Asırlar geçti, bizim politikacılarla bazı ham ervah bürokratlarda zihniyet değişmedi. Her işte baskı, her yerde sindirme politikası. Atalarımız zorla güzellik olmaz demişler ama bu dededen toruna zihniyeti değişmeyen politikacıların tek anladığı hot-zot politikası. Yeni eğitim-öğretim yılı başlar başlamaz RTE, Bahçeli ve bunların açtığı yoldan giden bilumum politikacıların öğrencilere demediği kalmadı. An geldi terörist dediler, kimi hızını alamadı kafalarına uymayanları dinsiz, imansız ilan etti. Velhasıl akıllarına her geleni söyleyip durdular.
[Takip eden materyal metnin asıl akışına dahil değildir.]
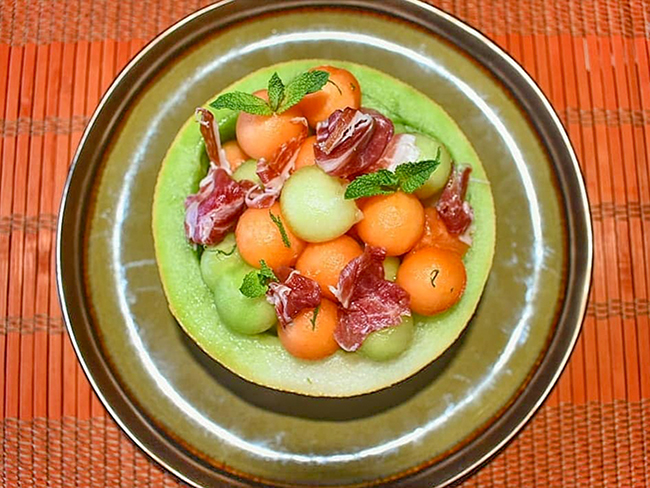 Ensalada de melón al cava y jamón ibérico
Bu ülkede her ağzını açan politikacı, gençliği, kadınlığı, çocukluğu, analığı, babalığı, öğrenciliği, öğretmenliği velhasıl topyekûn bir insanlığı hizaya çekmek istiyor. Herkesi, kendilerinin kırıp atamadığı kalıbı dar dünyalarına mahkûm etmeye kalkıyor. Çevrelerinde kendilerine aldırmayan, zamanının doğrusu üzerinde ilerleyen gençleri görünce tahammül edemeyip çıldırıyorlar. Ne yapsın bu gençlik? Karşınıza dizilip mum gibi esas duruşta, el-pençe divan mı dursun? Ağzını bıçak açmasın, her gelene ağam, gidene paşam mı desin? Bu sayede sizler de berbat dünyalarınızda huzur içinde yaşamanın hayalini mi kuruyorsunuz?
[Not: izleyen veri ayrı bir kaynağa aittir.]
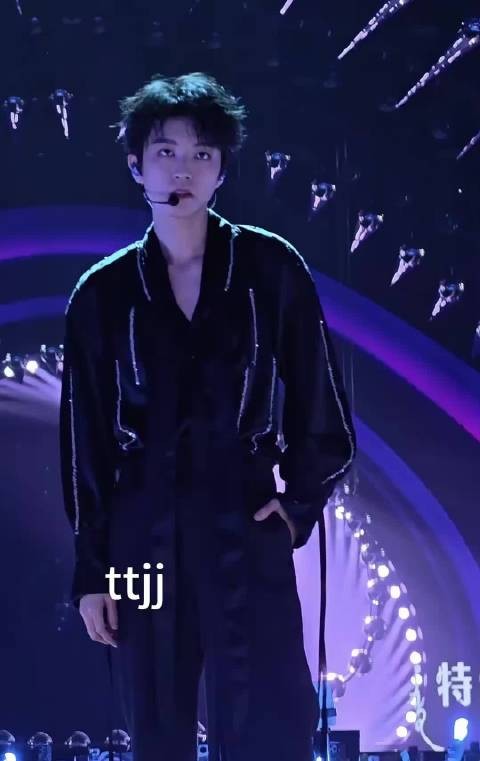 王俊凯黑衣V领湿身亮相跨年狂欢夜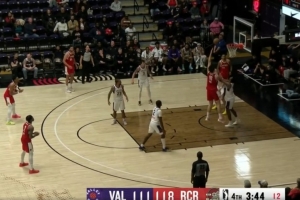 闲庭信步！杨瀚森篮下单打 连续转身勾手轻松命中 配图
Sizlerin ağababalarınız da o hayallerle yaşadı ama devran dönünce vaktinde ensesinde boza pişirdikleri o gençlerin eline baktılar. Şimdi de öyle olacak. Herkes vadesi dolunca göz önünden kaybolacak. Ülkemizi kendinden emin, ne yaptığını bilen, hota zota kulak asmayan gençler bir adım ileriye taşıyacak. Yoksa istikbalimiz bunların istediği suya sabuna dokunmayan mıymıntı mı mıymıntı gençlere kalırsa, dünya uluslarının yönetim sırası bizim gençlerin akranlarına geldiğinde bizimkileri suya götürüp susuz getirirler. Ondan sonra yandı gülüm keten helva...
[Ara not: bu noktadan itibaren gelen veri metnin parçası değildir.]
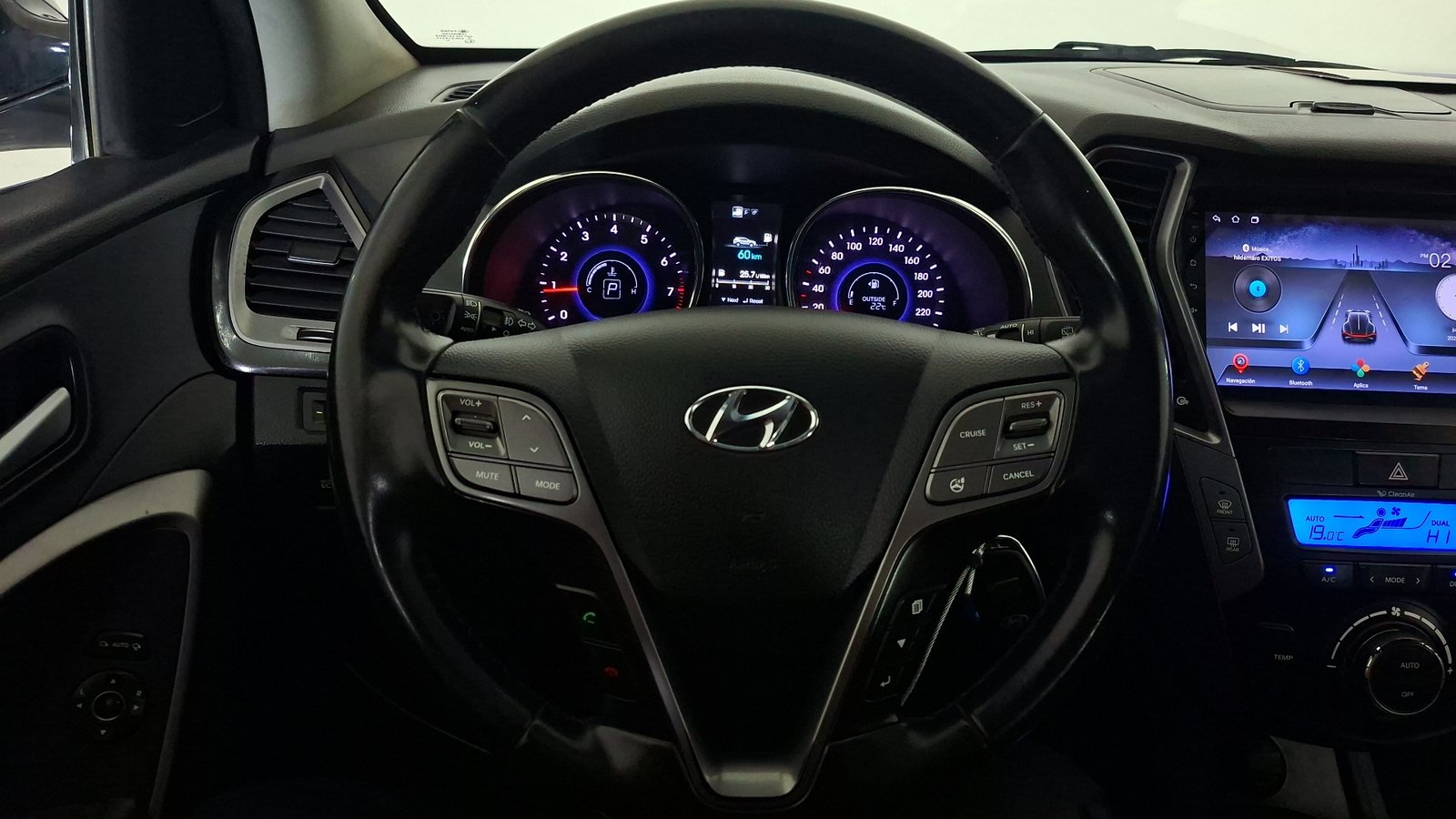 Hyundai Santa Fe 2014 - Imagen 9 de 18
Vaktinde de aynı kafalar boş boş konuşup iş yaptıklarını sanıyorlardı. Mekteb-i Sultani (Galatasaray Lisesi) öğrencilerinden bir grup öğrenci, gençlik hevesiyle okullarında kendi başlarına “Sebat” adında bir gazete çıkarmışlar. Aslında o kadar masum bir edebiyat mecmuası olarak çıkarmışlar ki ne yapacağını şaşırmış hükümet çocukları teşvik etmesi gerekirken cezalandırılmalarını istiyor. Artık kim II. Abdülhamid’e jurnallediyse Zaptiye Nazırı Nazım Paşa’nın paçaları tutuşmuş. O da yaptırdığı tahkikatın sonucunu aşağıdaki belgede anlatıyor. Üç sayı çıkan dergide hiçbir suç unsurundan bahsedemiyor ama neler neler diyor, demediğini bırakmıyor. Aşağıda belgenin yeni yazıyla okunuşunu verdim. Laf salatası olan tarafları önemli değil, anlaşılması gereken yerler zaten anlaşılıyor. Bir bakın bakalım, nazırın kafasındaki dünyanın bugünkülerden bir farkı var mı? Üstelik bu Nazım Paşa o devrin mürekkep yalamış tahsillilerinden. Avrupa görmüş, lisan aşina, gazete yazarlığı yapmış, telif ve tercüme bir hayli kitabı var. Demek ki an geliyor, makam sevdası mıdır her nedendir bilinmez, zihniyet değişimine bunlar da fayda etmiyor.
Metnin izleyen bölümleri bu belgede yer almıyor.